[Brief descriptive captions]
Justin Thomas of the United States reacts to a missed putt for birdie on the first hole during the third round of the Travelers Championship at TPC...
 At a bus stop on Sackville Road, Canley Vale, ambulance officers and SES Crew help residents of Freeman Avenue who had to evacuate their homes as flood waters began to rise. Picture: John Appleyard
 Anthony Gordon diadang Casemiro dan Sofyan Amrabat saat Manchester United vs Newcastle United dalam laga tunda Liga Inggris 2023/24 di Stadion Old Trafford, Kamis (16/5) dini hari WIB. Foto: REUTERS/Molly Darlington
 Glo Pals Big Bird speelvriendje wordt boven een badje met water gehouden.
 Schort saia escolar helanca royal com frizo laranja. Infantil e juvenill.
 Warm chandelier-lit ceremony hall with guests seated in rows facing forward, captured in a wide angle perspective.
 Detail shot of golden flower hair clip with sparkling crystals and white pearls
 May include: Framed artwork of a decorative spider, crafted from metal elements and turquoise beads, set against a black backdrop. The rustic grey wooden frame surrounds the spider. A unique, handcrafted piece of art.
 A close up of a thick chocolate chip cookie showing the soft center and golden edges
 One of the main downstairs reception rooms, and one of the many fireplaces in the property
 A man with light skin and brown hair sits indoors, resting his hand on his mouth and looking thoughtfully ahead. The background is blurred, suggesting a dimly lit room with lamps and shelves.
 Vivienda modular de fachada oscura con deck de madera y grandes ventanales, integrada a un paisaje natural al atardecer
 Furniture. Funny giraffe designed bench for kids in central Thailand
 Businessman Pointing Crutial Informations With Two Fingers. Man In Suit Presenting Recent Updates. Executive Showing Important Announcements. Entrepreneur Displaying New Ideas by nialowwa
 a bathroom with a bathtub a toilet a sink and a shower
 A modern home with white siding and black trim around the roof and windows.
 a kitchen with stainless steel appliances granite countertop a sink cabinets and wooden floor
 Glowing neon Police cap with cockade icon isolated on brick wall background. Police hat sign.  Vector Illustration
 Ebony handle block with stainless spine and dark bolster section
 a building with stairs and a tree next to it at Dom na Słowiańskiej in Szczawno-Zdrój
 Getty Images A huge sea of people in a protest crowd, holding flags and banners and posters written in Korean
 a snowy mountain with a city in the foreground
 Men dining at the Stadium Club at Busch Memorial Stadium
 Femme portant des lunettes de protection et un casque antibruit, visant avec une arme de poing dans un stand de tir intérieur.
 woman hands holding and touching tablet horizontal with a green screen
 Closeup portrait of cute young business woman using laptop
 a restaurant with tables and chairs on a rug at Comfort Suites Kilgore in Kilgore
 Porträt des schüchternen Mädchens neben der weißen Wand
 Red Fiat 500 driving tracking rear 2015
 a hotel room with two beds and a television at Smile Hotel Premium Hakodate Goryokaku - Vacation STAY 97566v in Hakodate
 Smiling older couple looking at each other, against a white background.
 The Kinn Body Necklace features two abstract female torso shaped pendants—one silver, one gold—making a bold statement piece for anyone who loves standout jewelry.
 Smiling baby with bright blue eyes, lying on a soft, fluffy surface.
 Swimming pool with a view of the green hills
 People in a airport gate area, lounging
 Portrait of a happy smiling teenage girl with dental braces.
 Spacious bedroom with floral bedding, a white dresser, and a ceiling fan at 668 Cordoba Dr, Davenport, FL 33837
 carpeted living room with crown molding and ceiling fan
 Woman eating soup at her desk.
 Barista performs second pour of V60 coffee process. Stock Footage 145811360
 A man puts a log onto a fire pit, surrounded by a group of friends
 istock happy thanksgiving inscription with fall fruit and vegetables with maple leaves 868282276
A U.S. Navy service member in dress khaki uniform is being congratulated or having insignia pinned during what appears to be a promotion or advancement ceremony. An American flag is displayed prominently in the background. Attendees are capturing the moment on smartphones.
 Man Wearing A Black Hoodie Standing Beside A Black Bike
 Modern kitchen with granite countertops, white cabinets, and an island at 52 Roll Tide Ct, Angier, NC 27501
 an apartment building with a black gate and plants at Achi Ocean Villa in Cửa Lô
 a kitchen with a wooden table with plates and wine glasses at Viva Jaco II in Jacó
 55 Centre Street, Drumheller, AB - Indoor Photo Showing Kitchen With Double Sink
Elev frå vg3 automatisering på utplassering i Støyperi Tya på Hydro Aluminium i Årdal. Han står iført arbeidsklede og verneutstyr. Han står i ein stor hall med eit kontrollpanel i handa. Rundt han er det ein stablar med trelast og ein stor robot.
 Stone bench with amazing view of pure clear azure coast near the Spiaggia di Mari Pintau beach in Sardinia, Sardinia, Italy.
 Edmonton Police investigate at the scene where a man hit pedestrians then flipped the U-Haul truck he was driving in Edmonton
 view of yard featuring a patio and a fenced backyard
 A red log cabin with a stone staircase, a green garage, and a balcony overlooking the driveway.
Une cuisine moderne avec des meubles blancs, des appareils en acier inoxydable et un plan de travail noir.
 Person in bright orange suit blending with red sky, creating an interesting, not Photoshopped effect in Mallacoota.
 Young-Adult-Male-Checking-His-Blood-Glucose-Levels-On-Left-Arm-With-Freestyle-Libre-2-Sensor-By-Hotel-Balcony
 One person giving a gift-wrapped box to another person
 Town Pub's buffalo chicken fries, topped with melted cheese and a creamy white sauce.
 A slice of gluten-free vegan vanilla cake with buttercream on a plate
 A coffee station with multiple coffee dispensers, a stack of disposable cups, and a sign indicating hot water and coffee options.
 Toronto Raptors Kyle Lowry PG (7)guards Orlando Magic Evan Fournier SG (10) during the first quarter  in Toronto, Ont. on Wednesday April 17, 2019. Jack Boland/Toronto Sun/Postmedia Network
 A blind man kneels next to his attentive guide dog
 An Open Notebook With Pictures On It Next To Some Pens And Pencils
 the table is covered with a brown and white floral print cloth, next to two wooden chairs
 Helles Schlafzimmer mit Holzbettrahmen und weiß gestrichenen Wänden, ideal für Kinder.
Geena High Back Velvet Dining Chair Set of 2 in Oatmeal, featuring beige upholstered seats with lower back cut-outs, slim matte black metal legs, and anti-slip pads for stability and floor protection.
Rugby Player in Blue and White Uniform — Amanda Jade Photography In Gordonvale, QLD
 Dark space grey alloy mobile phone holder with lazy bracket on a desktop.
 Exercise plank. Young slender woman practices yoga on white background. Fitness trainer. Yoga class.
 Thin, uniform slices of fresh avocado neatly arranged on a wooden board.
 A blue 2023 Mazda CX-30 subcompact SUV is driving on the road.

**ACTIVITY**
Whenever a line in the entries holds the word "stainless", copy that line.

**ANSWER FOR THIS EXERCISE**
 a kitchen with stainless steel appliances granite countertop a sink cabinets and wooden floor
 Ebony handle block with stainless spine and dark bolster section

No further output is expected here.